通常情况下会使用基础正则表达式就已经足够了，但有时为了简化整个指令，需要使用范围更广的扩展正则表达式。例如，使用基础正则表达式查询除文件中空白行与行首为“#”之外的行（通常用于查看生效的配置文件），执行“grep -v‘^$’test.txt | grep -v‘^#’” 即可实现。这里需要使用管道命令来搜索两次。如果使用扩展正则表达式，可以简化为“egrep -v‘^$|^#’test.txt”，其中，单引号内的管道符号表示或者（ or ）。
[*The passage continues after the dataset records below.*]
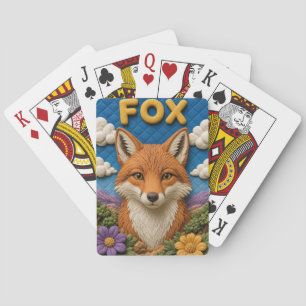 Vos Heuvelzijde Borstel Modern KlayKoo Pokerkaarten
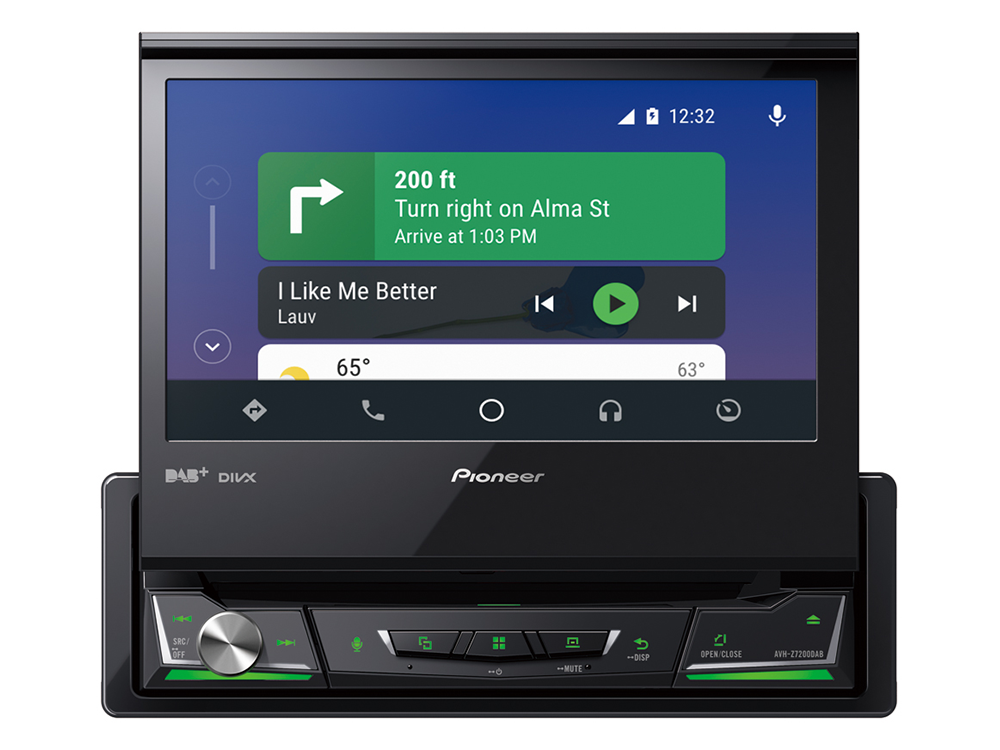 Pioneer AVH-Z7200DAB Apple CarPlay , Bluetooth och USB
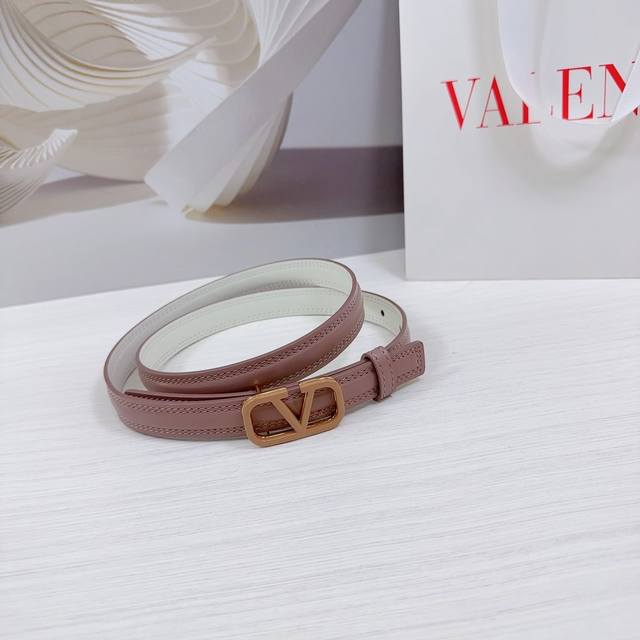 cm Valentino Belt Double-Sided Top Layer Cowhide Leather Length. 75.80.85.90.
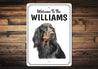 Gordon Setter Welcome To Personalized Sign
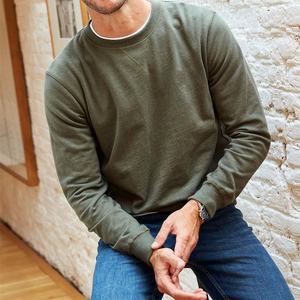 Sudadera de Manga Larga para Hombre, Invierno, Tejido Reciclado Ecológico, Antipilling, Flexible, Cómoda, Cuello Redondo, Forrada, Cortavientos, Poliéster - Product Image 5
此外，grep 命令仅支持基础正则表达式，如果使用扩展正则表达式，需要使用 egrep 或 awk 命令。 awk 命令在后面的小节进行解这里我们直接使用 egrep 命令。 egrep 命令与 grep 命令的用法基本相似。 egrep 命令是一个搜索文件获得模式，使用该命令可以搜索文件中的任意字符串和符号，也可以搜索一个或多个文件的字符串，一个提示符可以是单个字符、一个字符串、一个字或一个句子。
与基础正则表达式类型相同，扩展正则表达式也包含多个元字符，常见的扩展正则表达式的元字符主要包括以下几个

符号	描述	示例
`+`	匹配前面的元素至少一次（等价于 `{1,}`）。	`a+` 匹配 `a`、`aa`、`aaa` 等；`ab+c` 匹配 `abc`、`abbc` 等。
`?`	匹配前面的元素零次或一次（等价于 `{0,1}`）；也可用于使贪婪匹配变为非贪婪。	`a?` 匹配空字符串或 `a`；`ab?c` 匹配 `ac` 或 `abc`。
`\|`	逻辑或，匹配竖线两侧的任意一个表达式。	`a\|b` 匹配 `a` 或 `b`；`(cat\|dog)` 匹配 `cat` 或 `dog`。
`()`	捕获组，将多个字符视为一个整体，并捕获匹配的内容供后续引用。	`(ab)+` 匹配 `ab`、`abab` 等；`(\d{3})-(\d{4})` 可分别捕获区号和号码。
`( )+`	括号与 `+` 的组合，表示括号内的内容至少出现一次。	`(ab)+` 匹配 `ab`、`abab`、`ababab` 等。

文本处理器

sed 工具

sed （ Stream EDitor ）是一个强大而简单的文本解析转换工具，可以读取文本，并根据
指定的条件对文本内容进行编辑（删除、替换、添加、移动等），最后输出所有行或者仅输
出处理的某些行。 sed 也可以在无交互的情况下实现相当复杂的文本处理操作，被广泛应用
于 Shell 脚本中，用以完成各种自动化处理任务。
sed 的工作流程主要包括读取、执行和显示三个过程

步骤	操作	描述	关键细节
1	读取	从输入流（文件、管道或终端）逐行读取数据到模式空间（Pattern Space）。	- 按行读取，默认以换行符分隔。 - 每读取一行，存入临时缓冲区（模式空间）。
2	执行	对模式空间中的内容应用用户指定的命令（如替换、删除、追加等）。	- 按命令顺序处理（如 `s/old/new/g`）。 - 可基于地址（行号/正则）匹配操作。
3	显示	将处理后的模式空间内容输出到标准输出（默认自动打印）。	- 若未使用 `-n` 选项，处理后的行自动显示。 - 使用 `p` 命令可显式控制输出。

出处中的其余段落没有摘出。